Almanların Yahudi Soykırımı'nın manevi ağırlığını sonsuza kadar taşıyacaklarını anlatan sayısız fıkra vardır.
Bu fıkralardan birini belki duymuşsunuzdur.
Almanyalı bir Yahudi esnaf komşusunun dükkânına girer ve öfkeyle bağırır:
- Artık dayanamıyorum... Bu ülkeyi yarın terk edip, gideceğim.
Dükkânın sahibi "Ne oldu ki böyle tepkilisin; neden Almanya'yı terk edeceksin" diye sorar komşusuna.
Yahudi cevap verir:
- Yarın Almanya'daki bütün terzileri ve bütün Yahudileri tutuklayacaklarmış!..
Dükkânın sahibi şaşkın...
- Terzileri neden tutuklasınlar ki, deyince bizimki bağırır...
- İşte bu yüzden Almanya'yı terk edeceğim!..
Alman dükkân sahibine bir ırkın mensuplarının tutuklanmalarını doğal karşılatıp, bir mesleğin sahiplerine böyle bir şey yapılmasını yadırgatan düşünce yapısı, bu fıkranın vurgulamak istediği noktayı oluşturuyor.
Acaba bizim toplumsal düşünce yapımızda da bu tür bir durum var mı kuşkusu zaman zaman gündeme gelmez mi?
Bu durumun adına acaba "Militarizm" mi demeliyiz?
Eyvah ki eyvah
Genelkurmay Başkanı Org. İlker Başbuğ'un adına "İletişim Toplantısı" denilen ve daha çok bir basın toplantısına benzeyen son etkinliği ertesinde medyada yer alan yorumları herhalde sizler de okudunuz, izlediniz...
Mesela Org. Başbuğ'un "Demokrasi düşmanları TSK'da barınamaz, biz demokrasiye bağlıyız" çizgisindeki açıklaması, bazı " Sivil" yorumcuları endişelendirmişti.
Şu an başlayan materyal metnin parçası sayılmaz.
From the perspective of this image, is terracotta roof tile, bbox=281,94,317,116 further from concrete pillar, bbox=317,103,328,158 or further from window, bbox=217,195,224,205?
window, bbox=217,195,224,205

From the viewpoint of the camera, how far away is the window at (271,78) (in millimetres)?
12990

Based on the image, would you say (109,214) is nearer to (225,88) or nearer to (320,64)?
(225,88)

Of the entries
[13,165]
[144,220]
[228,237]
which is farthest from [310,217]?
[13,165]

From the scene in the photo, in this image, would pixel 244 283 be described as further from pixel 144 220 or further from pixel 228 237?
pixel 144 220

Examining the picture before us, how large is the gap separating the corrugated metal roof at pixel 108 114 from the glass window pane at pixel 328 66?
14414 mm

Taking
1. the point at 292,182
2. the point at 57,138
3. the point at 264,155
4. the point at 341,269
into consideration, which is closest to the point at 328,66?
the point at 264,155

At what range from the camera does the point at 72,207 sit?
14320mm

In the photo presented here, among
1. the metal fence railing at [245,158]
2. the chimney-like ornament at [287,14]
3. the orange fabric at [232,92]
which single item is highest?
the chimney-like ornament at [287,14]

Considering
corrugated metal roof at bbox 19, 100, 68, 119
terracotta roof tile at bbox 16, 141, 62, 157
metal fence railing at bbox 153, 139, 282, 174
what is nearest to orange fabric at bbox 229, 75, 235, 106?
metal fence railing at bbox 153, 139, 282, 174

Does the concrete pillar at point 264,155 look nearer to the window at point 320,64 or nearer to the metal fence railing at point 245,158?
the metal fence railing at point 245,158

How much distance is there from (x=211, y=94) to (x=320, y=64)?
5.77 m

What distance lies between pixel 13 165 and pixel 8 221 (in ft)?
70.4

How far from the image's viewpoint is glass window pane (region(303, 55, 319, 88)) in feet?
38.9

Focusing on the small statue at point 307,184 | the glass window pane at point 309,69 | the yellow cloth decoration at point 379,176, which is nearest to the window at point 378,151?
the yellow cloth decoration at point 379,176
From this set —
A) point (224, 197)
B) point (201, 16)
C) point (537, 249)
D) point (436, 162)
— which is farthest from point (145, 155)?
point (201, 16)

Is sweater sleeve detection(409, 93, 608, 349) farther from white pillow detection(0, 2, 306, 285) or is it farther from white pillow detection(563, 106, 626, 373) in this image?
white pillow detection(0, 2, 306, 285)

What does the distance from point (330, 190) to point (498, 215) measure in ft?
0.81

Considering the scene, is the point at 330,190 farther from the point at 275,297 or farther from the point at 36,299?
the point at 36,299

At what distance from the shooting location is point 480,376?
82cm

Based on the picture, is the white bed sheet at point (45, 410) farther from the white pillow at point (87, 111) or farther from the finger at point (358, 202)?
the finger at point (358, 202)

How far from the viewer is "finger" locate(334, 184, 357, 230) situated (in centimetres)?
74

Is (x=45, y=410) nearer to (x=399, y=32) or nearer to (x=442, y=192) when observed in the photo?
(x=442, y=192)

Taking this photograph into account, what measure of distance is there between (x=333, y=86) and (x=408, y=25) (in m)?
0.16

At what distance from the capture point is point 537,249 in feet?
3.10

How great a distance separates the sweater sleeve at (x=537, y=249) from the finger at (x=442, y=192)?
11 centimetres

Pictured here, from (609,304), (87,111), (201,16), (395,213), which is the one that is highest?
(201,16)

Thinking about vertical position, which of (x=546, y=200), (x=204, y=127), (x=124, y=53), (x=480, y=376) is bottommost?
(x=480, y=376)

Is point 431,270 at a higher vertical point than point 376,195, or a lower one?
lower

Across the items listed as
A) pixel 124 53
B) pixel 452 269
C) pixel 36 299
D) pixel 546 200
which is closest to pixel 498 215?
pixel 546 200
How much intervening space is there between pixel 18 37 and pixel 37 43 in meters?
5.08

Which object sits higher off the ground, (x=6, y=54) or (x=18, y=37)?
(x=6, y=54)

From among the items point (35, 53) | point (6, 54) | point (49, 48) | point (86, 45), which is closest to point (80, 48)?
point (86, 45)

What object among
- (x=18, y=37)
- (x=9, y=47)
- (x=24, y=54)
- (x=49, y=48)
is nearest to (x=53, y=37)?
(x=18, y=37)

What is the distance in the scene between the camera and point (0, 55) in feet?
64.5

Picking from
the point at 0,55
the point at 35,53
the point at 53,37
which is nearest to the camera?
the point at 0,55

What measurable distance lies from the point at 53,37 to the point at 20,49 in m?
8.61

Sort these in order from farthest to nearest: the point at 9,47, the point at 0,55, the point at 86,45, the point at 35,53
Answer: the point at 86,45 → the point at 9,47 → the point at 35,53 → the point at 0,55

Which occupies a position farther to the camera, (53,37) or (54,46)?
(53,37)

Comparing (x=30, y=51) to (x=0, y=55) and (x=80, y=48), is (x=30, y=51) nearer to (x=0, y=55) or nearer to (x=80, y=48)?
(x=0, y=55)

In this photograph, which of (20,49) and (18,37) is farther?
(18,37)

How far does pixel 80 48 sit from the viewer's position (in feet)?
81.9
Bunlardan bazıları "Eyvah, ülkeyi yönetmek sorumluluğu artık biz sivillere yüklendi, şimdi ne yapacağız" telaşı içindeydiler.
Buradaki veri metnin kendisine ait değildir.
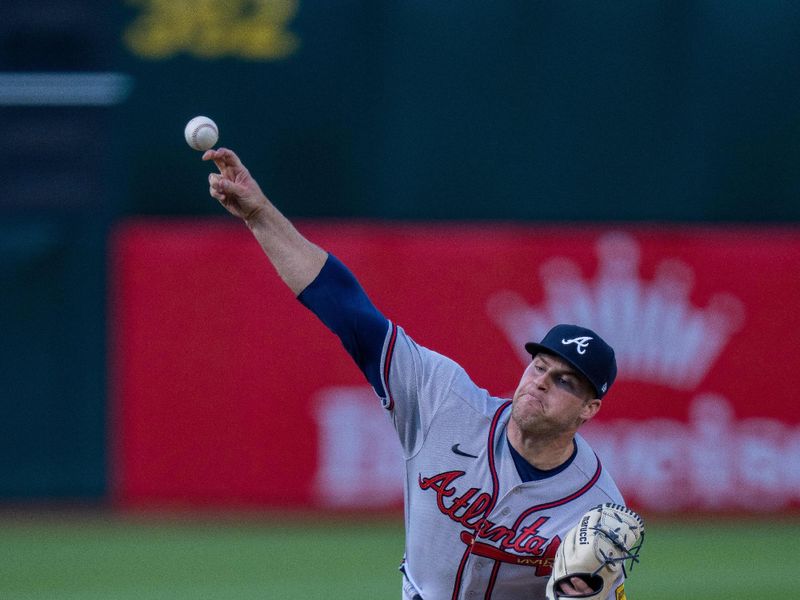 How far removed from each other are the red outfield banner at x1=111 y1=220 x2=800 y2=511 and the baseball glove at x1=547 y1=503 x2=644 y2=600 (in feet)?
16.8

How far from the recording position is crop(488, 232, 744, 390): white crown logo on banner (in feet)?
29.3

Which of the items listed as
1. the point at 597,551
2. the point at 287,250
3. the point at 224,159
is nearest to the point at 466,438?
the point at 597,551

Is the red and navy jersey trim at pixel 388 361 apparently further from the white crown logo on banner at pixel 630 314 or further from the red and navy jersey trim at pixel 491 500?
the white crown logo on banner at pixel 630 314

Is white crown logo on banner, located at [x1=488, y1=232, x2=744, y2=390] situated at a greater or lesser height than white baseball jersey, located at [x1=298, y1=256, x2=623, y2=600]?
lesser

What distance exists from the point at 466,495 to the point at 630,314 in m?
5.27

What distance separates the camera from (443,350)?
889 centimetres

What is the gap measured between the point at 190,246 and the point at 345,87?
1.55 meters

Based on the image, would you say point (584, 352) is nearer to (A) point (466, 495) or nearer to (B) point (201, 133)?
(A) point (466, 495)

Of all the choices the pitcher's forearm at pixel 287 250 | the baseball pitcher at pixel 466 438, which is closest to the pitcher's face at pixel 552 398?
the baseball pitcher at pixel 466 438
Bazıları ise kendilerini bu zor durumdan soyutlayarak, ülkeyi tek başlarına yönetmek sorumluluğunu yüklenmek durumundaki öteki sivillere acıyarak "Bakalım şimdi ne yapacaksınız" demekteydiler.
Org. Başbuğ'un eline boşaltılmış bir LAW aygıtını alarak "Efendiler bu silah değil mühimmattır" demesi de, bazı yorumcular için bundan önce Weber'i ilk kez Genelkurmay Başkanı'ndan duyup aydınlananların mutluluğunun tekrarlanmasına neden olmuştu.
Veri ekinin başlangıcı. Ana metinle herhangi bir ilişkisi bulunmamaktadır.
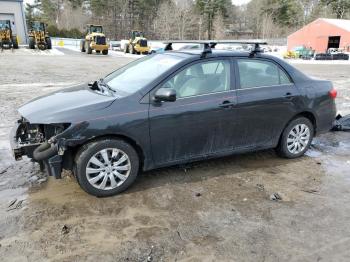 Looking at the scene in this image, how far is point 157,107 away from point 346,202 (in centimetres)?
248

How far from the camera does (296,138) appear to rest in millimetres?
5246

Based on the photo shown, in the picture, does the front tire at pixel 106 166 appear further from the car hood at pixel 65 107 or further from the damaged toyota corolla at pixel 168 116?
the car hood at pixel 65 107

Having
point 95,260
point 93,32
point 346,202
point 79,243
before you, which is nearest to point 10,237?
point 79,243

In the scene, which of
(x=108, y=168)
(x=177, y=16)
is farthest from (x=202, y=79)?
(x=177, y=16)

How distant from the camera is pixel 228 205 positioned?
3.92 m

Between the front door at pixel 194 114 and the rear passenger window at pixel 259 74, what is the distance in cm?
22

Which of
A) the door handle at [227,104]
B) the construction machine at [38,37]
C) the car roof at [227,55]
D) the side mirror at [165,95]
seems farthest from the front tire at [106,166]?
the construction machine at [38,37]

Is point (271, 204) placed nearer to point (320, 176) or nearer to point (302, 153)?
point (320, 176)

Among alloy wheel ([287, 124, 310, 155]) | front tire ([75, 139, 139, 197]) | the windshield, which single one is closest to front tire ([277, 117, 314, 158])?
alloy wheel ([287, 124, 310, 155])

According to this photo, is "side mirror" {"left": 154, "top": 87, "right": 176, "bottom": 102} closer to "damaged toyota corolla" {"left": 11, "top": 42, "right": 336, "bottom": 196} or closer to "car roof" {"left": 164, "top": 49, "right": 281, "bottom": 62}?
"damaged toyota corolla" {"left": 11, "top": 42, "right": 336, "bottom": 196}

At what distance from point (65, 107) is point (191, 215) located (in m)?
1.84

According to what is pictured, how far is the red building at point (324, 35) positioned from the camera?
137 ft

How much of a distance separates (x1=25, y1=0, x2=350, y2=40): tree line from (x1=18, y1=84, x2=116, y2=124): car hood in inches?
2432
LAW'ın ne olduğunu Genelkurmay Başkanı gazetecilere anlatmadan önce bazı meslektaşların ileri giderek bunu okurlarına anlatmış olmaları da, herhalde eleştirilmelidir.
Meğer neymiş?
Örneğin İsmet Berkan, 24 Nisan'da bu konuya şöyle girmişti Radikal'deki yazısında:
- Bizde bir türlü nasıl yazılacağı ve telaffuz edileceği çözülemeyen 'LAW' aslında bir kısaltma: Light Antitank Weapon'un, yani 'Hafif Antitank Silahı' nın kısaltması.
Amerikan menşeli olan ve Kore Savaşı ertesinde 'Bazuka' nın yerini alan bu silah Türkiye'de Makine Kimya Endüstrisi tarafından üretiliyor. Türkiye'deki adı HAR 66. Daha da ilginci Türk tasarımcılar silahın savaş başlığını iyice geliştirmişler ve MKE de silaha 'HAR 66-Eşek Arısı' ismini vermiş.
- Bu silah, ciddi bir çatışma silahı ve sadece askeri mühimmat depolarında bulunuyor. Oysa hatırlayanlar olacaktır, yıllar önce Dev-Sol terör örgütü İstanbul Emniyet Müdürlüğü'ne bir kez bu silahla saldırmıştı. Silah etkili menzili dışından atıldığı için öyle büyük bir zarar vermemişti ama ordu malı bir silahın Dev-Sol gibi bir örgütün eline nasıl geçtiği de merak edilmişti.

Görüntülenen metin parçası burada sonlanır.